EXHIBIT 10.3

                         COMPUTER SCIENCES CORPORATION
                             1980 STOCK OPTION PLAN

                           As amended March 31, 1988

Section 1:  PURPOSE OF PLAN

The purpose of this 1980 Stock Option Plan of Computer Sciences Corporation 
(the "Plan") is to further the growth and development of Computer Sciences 
Corporation and each subsidiary (as the term "subsidiary" is defined in 
Section 425(f) of the Internal Revenue Code) of Computer Sciences Corporation 
(herein referred to collectively with its subsidiaries as the "Company") by 
providing additional incentives to certain employees who have been or will be 
given responsibility for the management of the Company's business affairs, by 
assisting such employees to become owners of common stock of the Company 
through the issuance of options to purchase shares of common stock and thus to 
benefit directly from the growth, development and financial success of the 
Company.

Section 2:  ADMINISTRATION

The Plan shall be administered by a committee of three members (the 
"Committee") appointed by the Board of Directors, at least two of whom shall 
be members of the Board of Directors, and each of whom shall be a 
"disinterested person," as that term is defined in Rule 16b-3 under the 
Securities Exchange Act of 1934, as amended from time to time, or any 
equivalent term defined in any law, rule or regulation which may replace Rule 
16b-3.  The Committee shall hold office at the pleasure of the Board of 
Directors.  The Committee shall have full authority, in its discretion, to 
determine the employees to whom options may be granted and the number of 
shares covered by such options.  However, the Committee may delegate this 
authority to the Executive Committee of the Board of Directors of the Company 
with respect to all employees of the Company other than officers and 
directors.  The Committee is authorized to adopt such rules for the 
administration, interpretation and application of the Plan as are consistent 
therewith and to amend or revoke any such rules and to make interpretations of 
the Plan and any such rules consistent with the basic purpose of the Plan.  
All actions taken and all determinations made by the Committee in good faith 
shall be final and binding upon any person interested in the Plan.  The 
Committee shall cause to be maintained such records as may be necessary to 
reflect all options granted under the Plan, the dates of such grants and the 
amount of shares covered thereby and may rely upon advice from the Company as 
to the commencement or termination of employment of participants.
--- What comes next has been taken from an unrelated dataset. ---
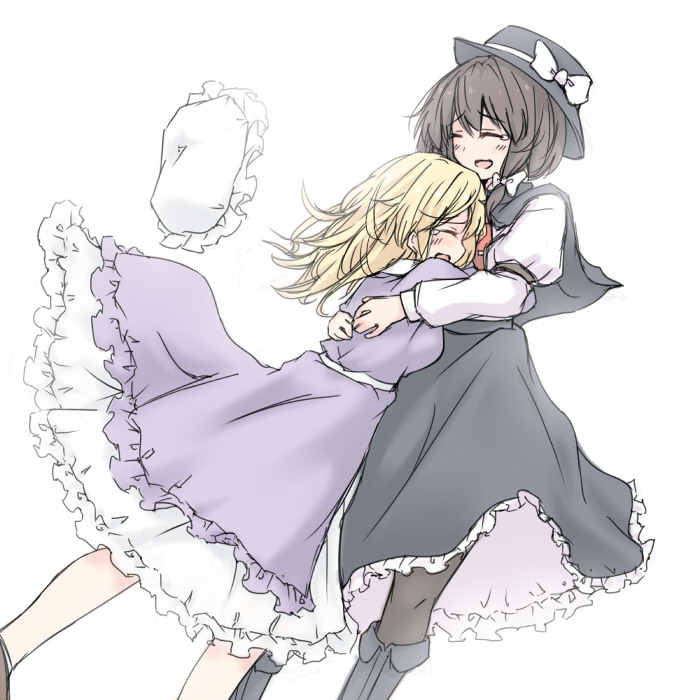 2girls ^_^ black_dress boots capelet closed_eyes closed_eyes commentary_request dress fedora hair_ribbon hat hat_removed headwear_removed hug long_hair maribel_hearn mob_cap multiple_girls necktie open_mouth pantyhose purple_dress ribbon short_hair smile tori_(minamopa) touhou usami_renko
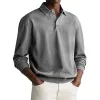 Men's Casual Cotton Blended Lapel Loose Long Sleeve Polo Shirt 58473426M sold by Manly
Section 3:  SHARES SUBJECT TO THE PLAN

A total of 600,000 shares of the Company's common stock, $1.00 par value, 
shall be available under the Plan, subject to adjustment as provided in 
paragraph 4 below.  Such shares shall be from either authorized but unissued 
shares or issued shares reacquired by the Company.  If any option expires or 
is canceled without having been fully exercised, the number of shares as to 
which such option was not exercised may again be optioned hereunder.

Section 4:  ADJUSTMENT OF SHARES

If the outstanding shares of common stock of the Company are changed by any 
stock dividend, stock split or combination of shares, the number of shares 
then subject to the Plan and the option price and number of shares subject to 
outstanding options granted under the Plan shall be proportionately adjusted.  
If the outstanding shares of common stock of the Company shall be exchanged 
for a different number or class of shares of stock of the Company by reason of 
a merger, reorganization, recapitalization or other change in the corporate 
stock structure, there shall be substituted for each share of common stock 
then subject to the Plan and to outstanding options granted under the Plan, 
the number and kind of shares of stock into which each outstanding share of 
common stock of the Company shall be so exchanged (except as provided in 
paragraph 6(f) below).  In the event of any such adjustment, the purchase 
price per share for outstanding options granted under the Plan shall be 
proportionately adjusted.

Section 5:  PARTICIPANTS

All officers and other key employees of the Company shall be eligible to 
receive options and thereby become participants in the Plan, except that no 
employee who, at the time such option would otherwise be granted, owns stock 
possessing more than 5% of the total combined voting power of all classes of 
stock of the Company shall be eligible to participate.  In granting options, 
the Committee may include or exclude previous participants as the Committee 
may determine.

Section 6:  OPTIONS

    (a)  Grant of Options.  
         ----------------
Options to purchase shares of the common stock of the Company shall be granted 
by the Committee, on behalf of the Company, commencing after approval of 
shareholders.  The Committee shall, from time to time and within the limits of 
the Plan, designate officers and other key employees of the Company to whom 
options are to be granted, the date of grant, the number of shares to be 
optioned to each, and the option price.  As a condition of being granted an 
option, an employee of the Company shall execute and deliver to the Company a 
Stock Option Agreement with such provisions as to option prices and such other 
terms, including methods of withholding or prepaying required taxes, not 
inconsistent with the Plan as the Committee may specify.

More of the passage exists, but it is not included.